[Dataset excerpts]
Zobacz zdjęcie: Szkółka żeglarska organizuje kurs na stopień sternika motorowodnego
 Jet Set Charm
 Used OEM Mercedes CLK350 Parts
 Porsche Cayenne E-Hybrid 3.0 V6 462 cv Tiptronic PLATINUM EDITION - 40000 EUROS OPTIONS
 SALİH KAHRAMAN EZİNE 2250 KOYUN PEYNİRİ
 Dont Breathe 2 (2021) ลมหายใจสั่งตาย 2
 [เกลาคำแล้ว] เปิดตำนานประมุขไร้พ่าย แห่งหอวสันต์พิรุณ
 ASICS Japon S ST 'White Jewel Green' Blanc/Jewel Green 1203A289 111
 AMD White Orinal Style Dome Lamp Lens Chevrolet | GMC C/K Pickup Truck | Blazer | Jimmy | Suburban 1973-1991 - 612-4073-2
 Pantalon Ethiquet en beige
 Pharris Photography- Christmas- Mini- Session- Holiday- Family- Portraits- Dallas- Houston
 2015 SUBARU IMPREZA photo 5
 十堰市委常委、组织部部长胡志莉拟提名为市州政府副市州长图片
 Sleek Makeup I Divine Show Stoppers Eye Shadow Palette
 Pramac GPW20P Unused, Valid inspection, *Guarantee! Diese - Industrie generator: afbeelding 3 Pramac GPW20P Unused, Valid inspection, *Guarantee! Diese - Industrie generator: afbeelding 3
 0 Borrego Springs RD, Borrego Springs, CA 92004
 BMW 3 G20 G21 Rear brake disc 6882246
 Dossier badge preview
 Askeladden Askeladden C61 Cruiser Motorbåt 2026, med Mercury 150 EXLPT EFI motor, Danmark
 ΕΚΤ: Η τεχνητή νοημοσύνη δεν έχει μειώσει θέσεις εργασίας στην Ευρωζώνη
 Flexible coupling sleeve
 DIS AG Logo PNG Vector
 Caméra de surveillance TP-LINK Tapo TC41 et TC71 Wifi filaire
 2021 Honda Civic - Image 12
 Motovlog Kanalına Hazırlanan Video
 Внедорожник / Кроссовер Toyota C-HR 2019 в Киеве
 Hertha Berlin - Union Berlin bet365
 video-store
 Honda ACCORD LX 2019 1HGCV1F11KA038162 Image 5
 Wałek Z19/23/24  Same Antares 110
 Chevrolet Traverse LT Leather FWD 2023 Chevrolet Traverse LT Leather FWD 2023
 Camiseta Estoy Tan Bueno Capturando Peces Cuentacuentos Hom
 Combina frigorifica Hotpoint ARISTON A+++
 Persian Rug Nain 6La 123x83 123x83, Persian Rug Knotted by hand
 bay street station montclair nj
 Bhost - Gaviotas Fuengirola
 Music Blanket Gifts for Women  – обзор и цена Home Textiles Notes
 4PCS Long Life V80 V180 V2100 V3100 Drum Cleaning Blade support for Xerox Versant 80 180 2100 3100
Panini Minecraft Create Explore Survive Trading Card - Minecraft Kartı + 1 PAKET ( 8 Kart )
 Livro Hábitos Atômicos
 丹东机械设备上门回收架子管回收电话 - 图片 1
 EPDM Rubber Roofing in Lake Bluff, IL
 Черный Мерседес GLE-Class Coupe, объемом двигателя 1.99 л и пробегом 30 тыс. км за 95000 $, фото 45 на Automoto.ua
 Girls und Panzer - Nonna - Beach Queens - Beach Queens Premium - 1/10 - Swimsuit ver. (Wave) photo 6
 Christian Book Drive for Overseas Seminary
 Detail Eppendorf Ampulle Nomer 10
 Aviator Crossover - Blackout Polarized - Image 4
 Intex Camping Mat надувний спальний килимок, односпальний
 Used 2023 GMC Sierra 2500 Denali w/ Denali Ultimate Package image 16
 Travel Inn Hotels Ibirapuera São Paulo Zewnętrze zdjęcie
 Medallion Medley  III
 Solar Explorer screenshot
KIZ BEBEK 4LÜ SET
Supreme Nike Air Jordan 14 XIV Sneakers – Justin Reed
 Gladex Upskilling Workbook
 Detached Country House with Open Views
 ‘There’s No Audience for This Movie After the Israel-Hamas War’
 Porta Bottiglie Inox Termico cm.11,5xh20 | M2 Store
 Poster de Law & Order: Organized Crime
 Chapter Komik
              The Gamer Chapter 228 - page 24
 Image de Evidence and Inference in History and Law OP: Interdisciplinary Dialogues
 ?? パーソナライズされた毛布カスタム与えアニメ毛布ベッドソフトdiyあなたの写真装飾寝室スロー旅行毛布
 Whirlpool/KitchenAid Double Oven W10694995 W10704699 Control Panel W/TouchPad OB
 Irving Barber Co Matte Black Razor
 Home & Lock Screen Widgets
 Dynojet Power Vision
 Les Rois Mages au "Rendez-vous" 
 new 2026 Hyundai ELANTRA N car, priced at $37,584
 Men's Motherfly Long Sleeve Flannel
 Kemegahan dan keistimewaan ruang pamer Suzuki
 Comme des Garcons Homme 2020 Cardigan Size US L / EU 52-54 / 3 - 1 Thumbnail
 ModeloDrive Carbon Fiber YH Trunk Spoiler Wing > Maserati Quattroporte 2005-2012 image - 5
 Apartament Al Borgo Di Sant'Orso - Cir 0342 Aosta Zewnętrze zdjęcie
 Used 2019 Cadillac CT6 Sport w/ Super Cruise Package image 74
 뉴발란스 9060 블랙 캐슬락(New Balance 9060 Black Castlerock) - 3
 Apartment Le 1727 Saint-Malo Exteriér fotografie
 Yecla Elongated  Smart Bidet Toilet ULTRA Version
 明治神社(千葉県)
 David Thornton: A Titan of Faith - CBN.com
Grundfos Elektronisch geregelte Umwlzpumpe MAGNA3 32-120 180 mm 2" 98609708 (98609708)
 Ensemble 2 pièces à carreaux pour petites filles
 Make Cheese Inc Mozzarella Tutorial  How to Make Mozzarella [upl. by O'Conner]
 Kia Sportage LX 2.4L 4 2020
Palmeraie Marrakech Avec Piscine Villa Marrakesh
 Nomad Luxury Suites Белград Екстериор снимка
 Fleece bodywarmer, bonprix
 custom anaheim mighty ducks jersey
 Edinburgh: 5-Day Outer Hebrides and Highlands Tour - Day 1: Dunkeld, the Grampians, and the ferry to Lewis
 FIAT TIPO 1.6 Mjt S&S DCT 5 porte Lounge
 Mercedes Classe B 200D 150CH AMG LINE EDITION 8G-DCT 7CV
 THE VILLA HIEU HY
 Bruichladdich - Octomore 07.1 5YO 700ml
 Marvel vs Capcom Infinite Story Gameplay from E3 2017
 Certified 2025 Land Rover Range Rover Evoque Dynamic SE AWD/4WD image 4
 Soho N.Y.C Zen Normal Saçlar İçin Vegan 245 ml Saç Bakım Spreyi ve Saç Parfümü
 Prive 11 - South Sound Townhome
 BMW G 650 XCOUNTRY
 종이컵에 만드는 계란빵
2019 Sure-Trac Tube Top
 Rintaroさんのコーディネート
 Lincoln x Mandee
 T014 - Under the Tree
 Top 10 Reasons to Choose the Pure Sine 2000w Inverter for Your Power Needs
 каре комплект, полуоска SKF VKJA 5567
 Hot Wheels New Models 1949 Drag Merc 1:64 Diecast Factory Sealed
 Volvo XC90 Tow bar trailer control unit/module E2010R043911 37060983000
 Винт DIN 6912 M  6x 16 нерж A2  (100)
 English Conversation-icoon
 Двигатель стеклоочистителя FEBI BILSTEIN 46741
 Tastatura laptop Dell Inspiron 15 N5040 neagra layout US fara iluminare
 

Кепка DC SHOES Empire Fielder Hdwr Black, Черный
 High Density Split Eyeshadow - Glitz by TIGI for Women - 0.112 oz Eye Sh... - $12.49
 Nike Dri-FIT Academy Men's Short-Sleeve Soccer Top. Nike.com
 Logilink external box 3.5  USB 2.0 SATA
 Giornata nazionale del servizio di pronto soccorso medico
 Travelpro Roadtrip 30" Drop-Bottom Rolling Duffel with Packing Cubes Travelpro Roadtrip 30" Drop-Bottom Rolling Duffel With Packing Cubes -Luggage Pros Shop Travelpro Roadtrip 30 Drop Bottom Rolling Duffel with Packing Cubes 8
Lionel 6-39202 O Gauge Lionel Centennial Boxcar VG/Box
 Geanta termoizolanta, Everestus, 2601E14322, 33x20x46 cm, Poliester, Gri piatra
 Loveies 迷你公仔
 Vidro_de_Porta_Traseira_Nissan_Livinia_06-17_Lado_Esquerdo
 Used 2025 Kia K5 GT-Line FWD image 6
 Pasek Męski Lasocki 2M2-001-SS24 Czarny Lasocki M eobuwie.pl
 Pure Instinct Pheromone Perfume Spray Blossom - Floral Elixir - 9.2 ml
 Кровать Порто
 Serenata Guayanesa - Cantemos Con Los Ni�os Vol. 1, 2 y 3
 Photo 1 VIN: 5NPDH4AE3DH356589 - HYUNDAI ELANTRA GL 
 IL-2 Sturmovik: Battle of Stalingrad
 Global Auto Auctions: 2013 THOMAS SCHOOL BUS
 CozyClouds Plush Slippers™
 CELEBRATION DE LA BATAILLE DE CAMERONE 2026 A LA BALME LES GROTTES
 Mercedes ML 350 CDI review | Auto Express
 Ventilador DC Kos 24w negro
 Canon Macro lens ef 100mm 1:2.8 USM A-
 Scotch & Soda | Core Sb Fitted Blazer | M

WORK ITEM: Your answer should be the lines above, from the line containing "Caméra de surveillance" up to and including the line containing "Kemegahan dan keistimewaan", reproduced exactly and with nothing else.

REPLY TO THE TASK:
 Caméra de surveillance TP-LINK Tapo TC41 et TC71 Wifi filaire
 2021 Honda Civic - Image 12
 Motovlog Kanalına Hazırlanan Video
 Внедорожник / Кроссовер Toyota C-HR 2019 в Киеве
 Hertha Berlin - Union Berlin bet365
 video-store
 Honda ACCORD LX 2019 1HGCV1F11KA038162 Image 5
 Wałek Z19/23/24  Same Antares 110
 Chevrolet Traverse LT Leather FWD 2023 Chevrolet Traverse LT Leather FWD 2023
 Camiseta Estoy Tan Bueno Capturando Peces Cuentacuentos Hom
 Combina frigorifica Hotpoint ARISTON A+++
 Persian Rug Nain 6La 123x83 123x83, Persian Rug Knotted by hand
 bay street station montclair nj
 Bhost - Gaviotas Fuengirola
 Music Blanket Gifts for Women  – обзор и цена Home Textiles Notes
 4PCS Long Life V80 V180 V2100 V3100 Drum Cleaning Blade support for Xerox Versant 80 180 2100 3100
Panini Minecraft Create Explore Survive Trading Card - Minecraft Kartı + 1 PAKET ( 8 Kart )
 Livro Hábitos Atômicos
 丹东机械设备上门回收架子管回收电话 - 图片 1
 EPDM Rubber Roofing in Lake Bluff, IL
 Черный Мерседес GLE-Class Coupe, объемом двигателя 1.99 л и пробегом 30 тыс. км за 95000 $, фото 45 на Automoto.ua
 Girls und Panzer - Nonna - Beach Queens - Beach Queens Premium - 1/10 - Swimsuit ver. (Wave) photo 6
 Christian Book Drive for Overseas Seminary
 Detail Eppendorf Ampulle Nomer 10
 Aviator Crossover - Blackout Polarized - Image 4
 Intex Camping Mat надувний спальний килимок, односпальний
 Used 2023 GMC Sierra 2500 Denali w/ Denali Ultimate Package image 16
 Travel Inn Hotels Ibirapuera São Paulo Zewnętrze zdjęcie
 Medallion Medley  III
 Solar Explorer screenshot
KIZ BEBEK 4LÜ SET
Supreme Nike Air Jordan 14 XIV Sneakers – Justin Reed
 Gladex Upskilling Workbook
 Detached Country House with Open Views
 ‘There’s No Audience for This Movie After the Israel-Hamas War’
 Porta Bottiglie Inox Termico cm.11,5xh20 | M2 Store
 Poster de Law & Order: Organized Crime
 Chapter Komik
              The Gamer Chapter 228 - page 24
 Image de Evidence and Inference in History and Law OP: Interdisciplinary Dialogues
 ?? パーソナライズされた毛布カスタム与えアニメ毛布ベッドソフトdiyあなたの写真装飾寝室スロー旅行毛布
 Whirlpool/KitchenAid Double Oven W10694995 W10704699 Control Panel W/TouchPad OB
 Irving Barber Co Matte Black Razor
 Home & Lock Screen Widgets
 Dynojet Power Vision
 Les Rois Mages au "Rendez-vous" 
 new 2026 Hyundai ELANTRA N car, priced at $37,584
 Men's Motherfly Long Sleeve Flannel
 Kemegahan dan keistimewaan ruang pamer Suzuki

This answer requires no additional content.